Copy the data exactly from the line that contains "17 Hartwell Lane Property Photo 23" through the line that contains "A group of demonstrators", keeping both end lines and leaving out everything else.

○ ○ ○ ○ ○













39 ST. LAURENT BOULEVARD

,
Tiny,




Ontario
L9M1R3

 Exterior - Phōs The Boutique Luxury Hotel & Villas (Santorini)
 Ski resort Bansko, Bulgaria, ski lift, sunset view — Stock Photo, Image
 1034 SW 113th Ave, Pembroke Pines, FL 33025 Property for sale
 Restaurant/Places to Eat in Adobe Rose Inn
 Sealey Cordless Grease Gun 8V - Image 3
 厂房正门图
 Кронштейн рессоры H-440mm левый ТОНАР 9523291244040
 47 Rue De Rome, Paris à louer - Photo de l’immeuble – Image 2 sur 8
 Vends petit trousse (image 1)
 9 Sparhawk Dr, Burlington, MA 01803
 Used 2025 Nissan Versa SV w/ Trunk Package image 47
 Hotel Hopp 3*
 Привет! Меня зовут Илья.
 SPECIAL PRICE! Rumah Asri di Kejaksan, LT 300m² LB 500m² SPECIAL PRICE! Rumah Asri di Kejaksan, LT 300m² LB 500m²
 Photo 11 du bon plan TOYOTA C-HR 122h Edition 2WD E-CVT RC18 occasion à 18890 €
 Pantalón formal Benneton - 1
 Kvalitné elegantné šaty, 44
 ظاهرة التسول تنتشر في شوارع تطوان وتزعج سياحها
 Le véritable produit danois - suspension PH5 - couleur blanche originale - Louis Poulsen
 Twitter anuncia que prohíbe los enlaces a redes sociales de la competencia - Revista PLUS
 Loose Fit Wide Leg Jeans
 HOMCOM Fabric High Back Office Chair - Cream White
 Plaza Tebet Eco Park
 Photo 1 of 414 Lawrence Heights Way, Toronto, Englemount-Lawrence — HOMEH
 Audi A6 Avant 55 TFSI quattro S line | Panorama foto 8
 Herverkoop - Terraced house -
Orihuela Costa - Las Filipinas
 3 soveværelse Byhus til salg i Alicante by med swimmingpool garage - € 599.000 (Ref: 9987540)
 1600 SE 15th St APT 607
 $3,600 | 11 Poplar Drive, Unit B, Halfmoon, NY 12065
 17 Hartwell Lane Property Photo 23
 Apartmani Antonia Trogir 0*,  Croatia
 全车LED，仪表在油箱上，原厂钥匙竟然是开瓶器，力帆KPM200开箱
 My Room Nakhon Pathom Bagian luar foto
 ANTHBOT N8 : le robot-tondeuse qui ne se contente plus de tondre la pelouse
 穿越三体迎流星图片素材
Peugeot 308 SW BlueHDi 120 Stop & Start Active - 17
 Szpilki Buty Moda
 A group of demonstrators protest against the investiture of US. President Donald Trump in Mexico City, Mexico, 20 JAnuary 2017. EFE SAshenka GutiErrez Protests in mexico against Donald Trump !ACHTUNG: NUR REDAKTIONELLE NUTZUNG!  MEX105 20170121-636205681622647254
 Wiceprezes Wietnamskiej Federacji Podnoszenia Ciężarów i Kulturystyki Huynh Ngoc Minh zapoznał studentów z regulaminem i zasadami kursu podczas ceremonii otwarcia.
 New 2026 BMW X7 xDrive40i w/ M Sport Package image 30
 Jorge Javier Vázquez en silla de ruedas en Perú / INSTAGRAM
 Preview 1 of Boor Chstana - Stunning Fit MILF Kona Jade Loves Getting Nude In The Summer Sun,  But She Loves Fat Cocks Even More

○ ○ ○ ○ ○

Result for this task |
 17 Hartwell Lane Property Photo 23
 Apartmani Antonia Trogir 0*,  Croatia
 全车LED，仪表在油箱上，原厂钥匙竟然是开瓶器，力帆KPM200开箱
 My Room Nakhon Pathom Bagian luar foto
 ANTHBOT N8 : le robot-tondeuse qui ne se contente plus de tondre la pelouse
 穿越三体迎流星图片素材
Peugeot 308 SW BlueHDi 120 Stop & Start Active - 17
 Szpilki Buty Moda
 A group of demonstrators protest against the investiture of US. President Donald Trump in Mexico City, Mexico, 20 JAnuary 2017. EFE SAshenka GutiErrez Protests in mexico against Donald Trump !ACHTUNG: NUR REDAKTIONELLE NUTZUNG!  MEX105 20170121-636205681622647254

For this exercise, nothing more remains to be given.